━━━━━ Task input
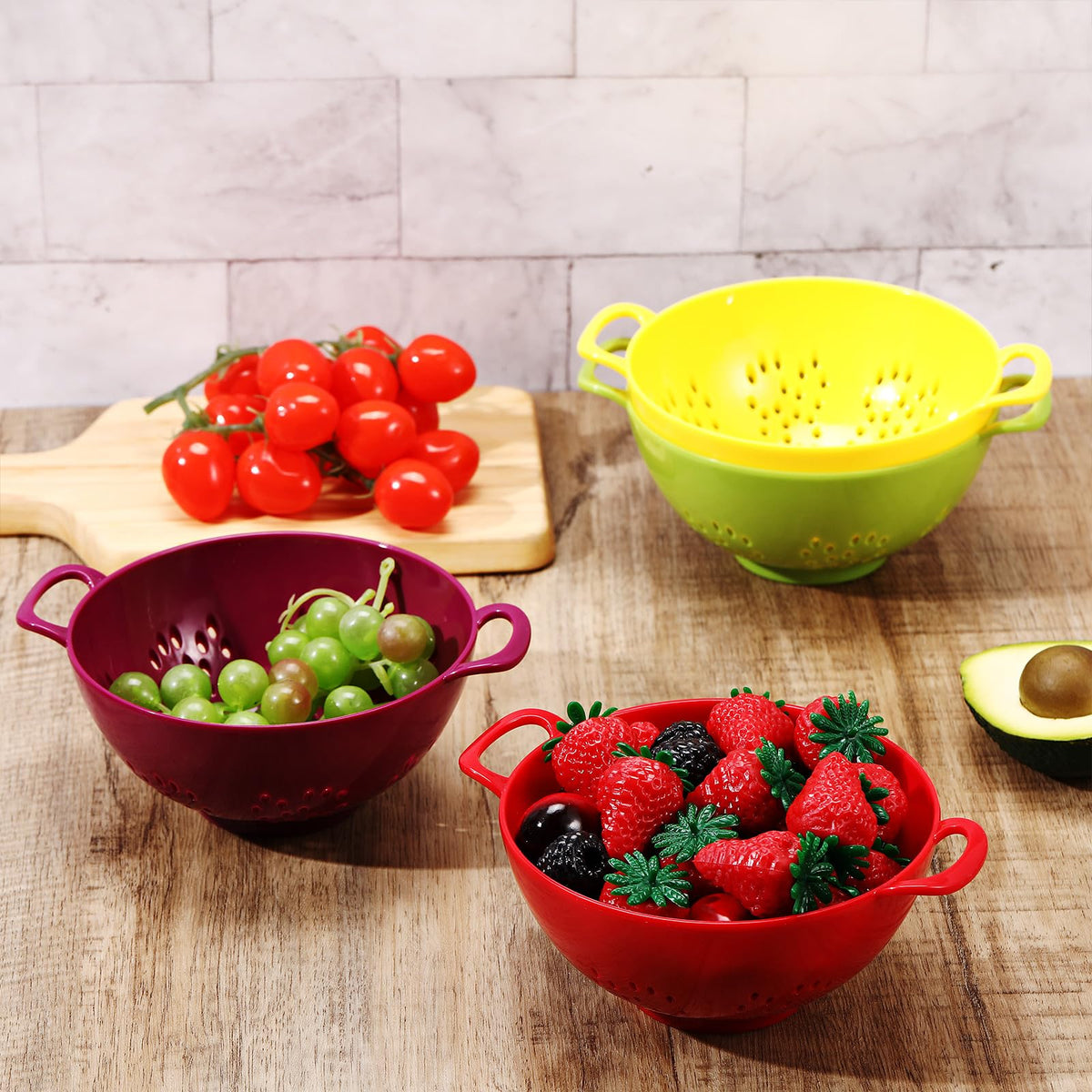 Baderke mini colander set of 4 for compact storage and versatile rinsing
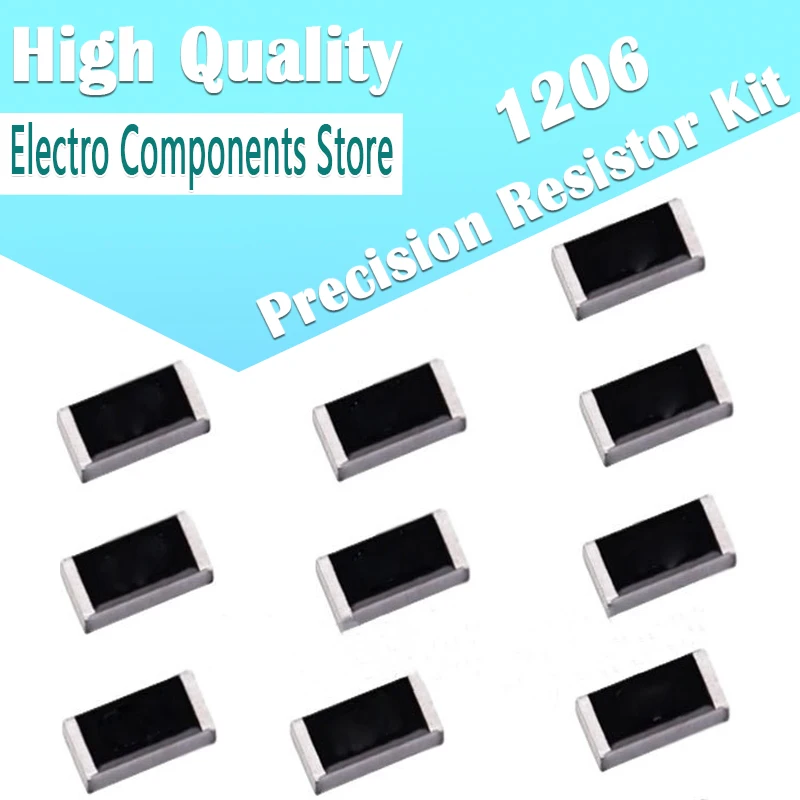 200Pcs/Lot 10Values 1% 1206 SMD Precision Resistor Kit Assorted Kit 0.1R ~ 1R 0R10 0R15 0R22 0R33 0R47 0R50 0R62 0R75 0R82 1R00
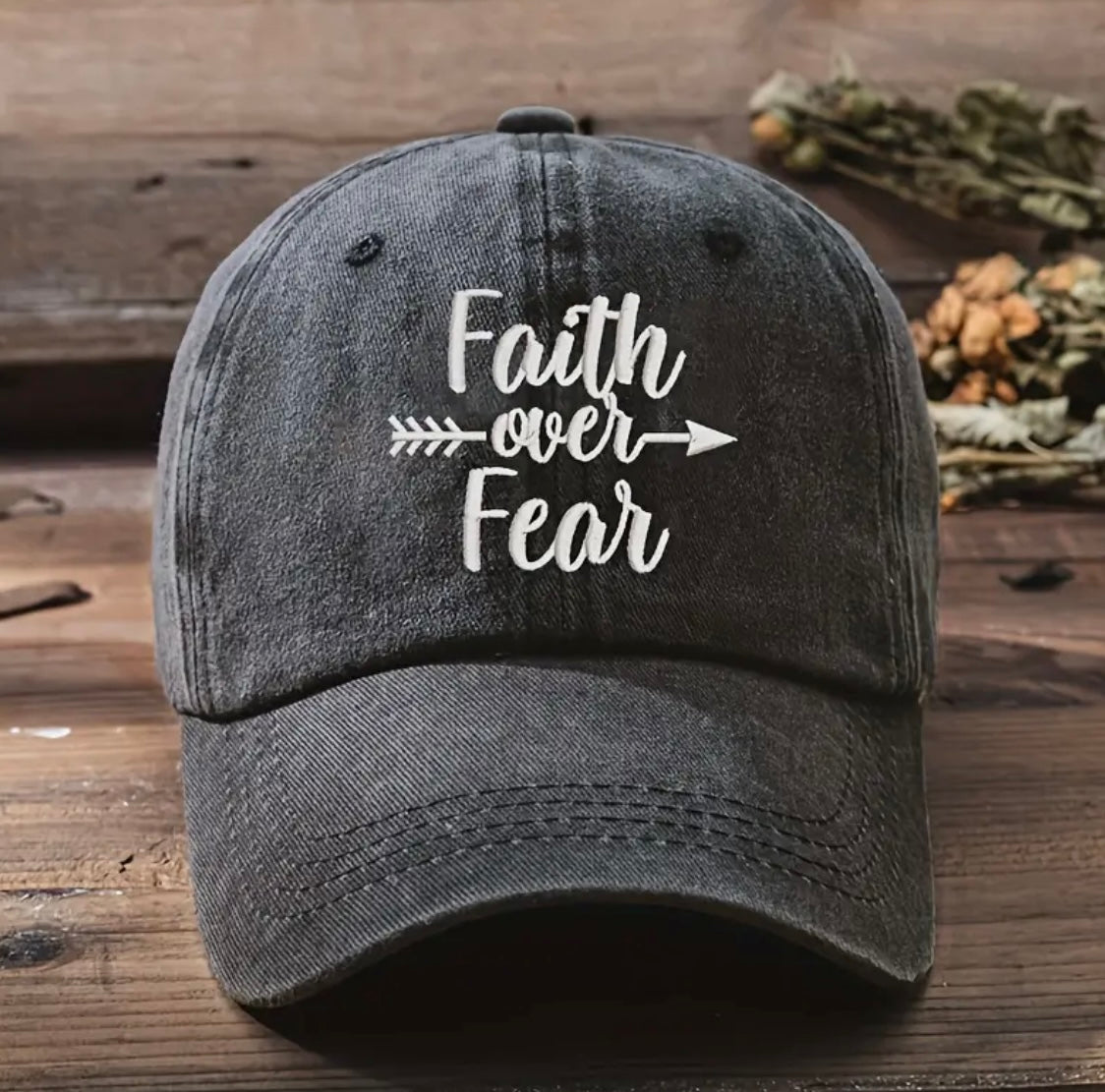 Faith Over Fear Embroidered Distressed Hat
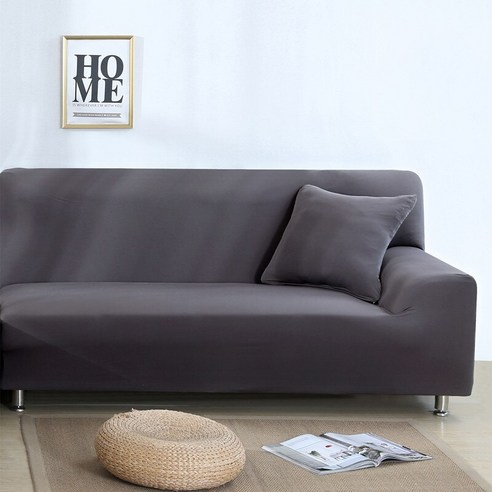 [XIG] Housmife 단색 소파 커버 거실 소파 커버 코너 소파 커버 Slipcover Chair Protector 1/2/3/4 인승, 1Pc 145-185Cm, 그레이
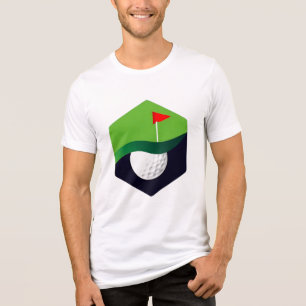 T-shirt En Tri-matière Icône de balle de golf stylisée avec fond vert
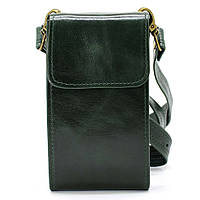 Кожаная женская сумка-чехол панч GE-2122-4lx TARWA, зеленая глянец высокое качество
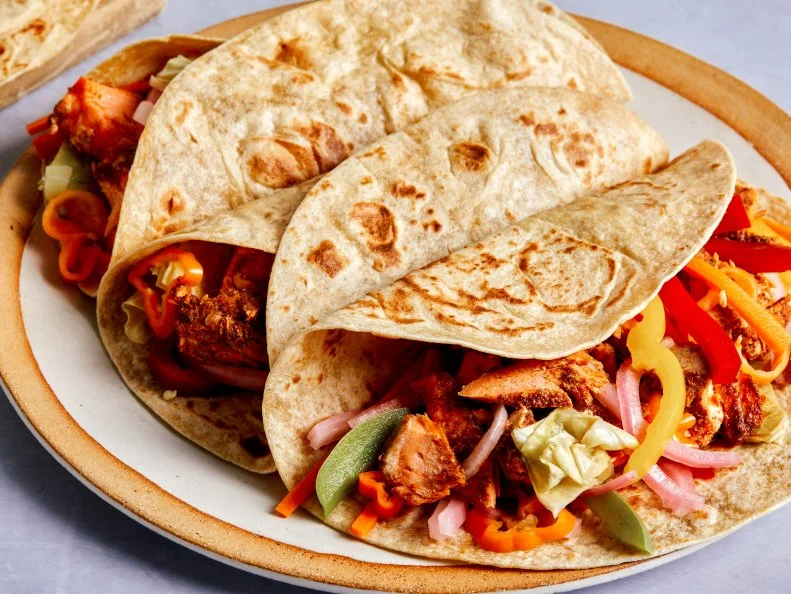 Jerk Salmon Roti with Hot Pepper Pickle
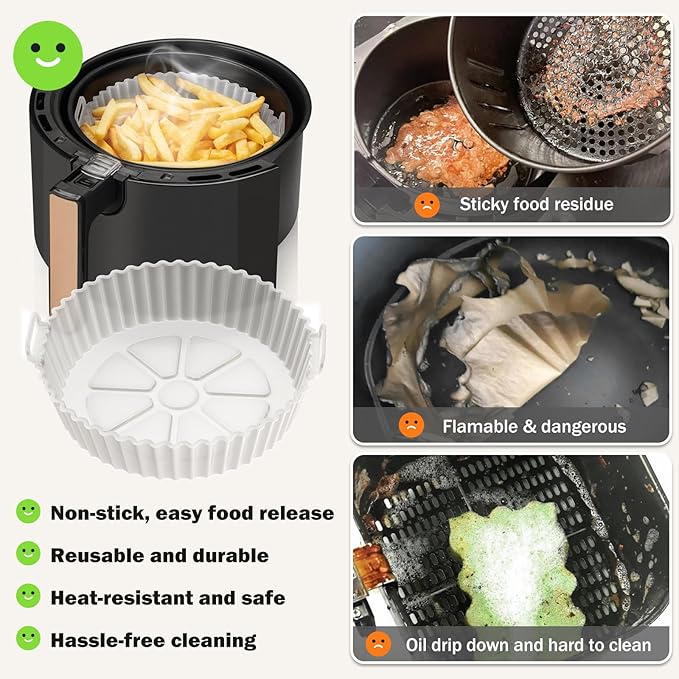 Air Fryer Silicone Liners 2 Pack, Altalsby 8 Inch Transparent Reusable Air Fryer Basket Liners for 3-5 QT Basket, Non-Stick Airfryer Silicone Pot Oven Liner for Ninja Air Fryer, Microwave Accessories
━━━━━━━━━━
Assignment:
Leaving out the pictures, restate word for word the lines above from the one containing "T-shirt En Tri-matière" through the end of the records, both ends included.

Exercise answer:
 T-shirt En Tri-matière Icône de balle de golf stylisée avec fond vert
 Кожаная женская сумка-чехол панч GE-2122-4lx TARWA, зеленая глянец высокое качество
 Jerk Salmon Roti with Hot Pepper Pickle
 Air Fryer Silicone Liners 2 Pack, Altalsby 8 Inch Transparent Reusable Air Fryer Basket Liners for 3-5 QT Basket, Non-Stick Airfryer Silicone Pot Oven Liner for Ninja Air Fryer, Microwave Accessories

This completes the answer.